Politischer Bezirk Krems

505† Göttweig, altes Konventsgebäude 1647

Gemälde, bis 1719 im Zimmer des Klosterkämmerers im Erdgeschoß des Westtrakts des alten Konventsgebäudes nahe dem Ofen an der Wand, 1777 an unbekanntem Standort noch erhalten. Darstellung eines außergewöhnlich großen Hausens, darüber siebenzeilige, gestaffelt zentrierte erklärende Beischrift (I) sowie etwas abgesetzt Gebetsspruch (II). Unter der Darstellung des Fischs Maßstab (10 Schuh).

Kapitalis (I) und schrägliegende Minuskelantiqua (II).

Standortangabe1) nach StiA Göttweig, Cod. Ser. nov. 90 (Schenggl), pag. 140, Beschreibung und Textwiedergabe nach StiB Göttweig, Cod. rot 896 (Dückelmann), fol. 193r.


Textedition
			

I. AVDI . HOSPES . REM RARAM, ET A CONDITO / MONASTERIO IN HAC RVPE VIX VISAM, ANNO 1647. D(IE) 10. OCTOBRIS / IN VICINA DANVBII PARTE AD COENOBIVM PERTINENTE CAPTVS, ET / VIVVS HVC DEPORTATVS EST HVSO EIVS PLANE FORMA͜E, / CRASSITIEI, AC LONGITVDINIS QVA HIC DEPICTVS HABE=/TVR, PONDVS DEPINGI NON POTVIT: SED LIBRAS 200. EXACTE / PONDERAVIT. / II. Benedicite cete, et omnia, qua͜e moventur in aquis Domino.

Anmerkungen

Höre, Freund, von einer merkwürdigen und seit der Gründung des Klosters auf diesem Berg kaum da gewesenen Sache: Im Jahr 1647, am 10. Oktober, wurde in dem an das Kloster angrenzenden und diesem zugehörigen Abschnitt der Donau ein Hausen gefangen und lebend hierher gebracht, von genau jenem Aussehen, jener Dicke und Länge, wie er hier abgebildet ist. Sein Gewicht ließ sich nicht abmalen, doch brachte er genau 200 Pfund auf die Waage (I).
Preiset, ihr Meerestiere und alles, was sich in Gewässern regt, den Herrn (II).


Kommentar

Der heute nur mehr selten in der Donau laichende Hausen (Huso huso, auch: Beluga), eine vor allem in der Adria, dem Kaspischen und dem Schwarzen Meer beheimatete Störart, kann bei einer Lebenserwartung von bis zu 100 Jahren außerordentliche Amessungen von mehreren Metern Länge und ein Gewicht von bis zu 1200 kg erreichen2). Das auf dem Gemälde abgebildete Exemplar dürfte nach Maßgabe des darunter wiedergegebenen Maßstabs ungefähr drei Meter lang gewesen sein.

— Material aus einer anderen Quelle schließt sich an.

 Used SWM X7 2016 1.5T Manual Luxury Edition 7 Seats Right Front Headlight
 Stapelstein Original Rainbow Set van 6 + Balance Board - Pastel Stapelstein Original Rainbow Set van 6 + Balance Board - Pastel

Inschriftlich kommentierte Abbildungen gefangener Fische von ungewöhnlicher Größe sind für die Frühe Neuzeit vor allem aus städtischem Umfeld häufig überliefert. Eine Wandmalerei in der oberen Rathausdiele in Schweinfurt gibt einen 1575 im Main gefangenen Stör mit kommentierender Beischrift wieder3), ein kopial überliefertes Gemälde im Rathaussaal von Hannover zeigte fünf unterschiedlich große Störe, die 1635 in der Leine gefangen worden waren4). Die jeweils beigebenen deutschsprachigen Inschriften bezogen sich wie im vorliegenden Fall auch auf die Länge bzw. das Gewicht der Tiere und den Umstand des Transports der noch lebenden Tiere.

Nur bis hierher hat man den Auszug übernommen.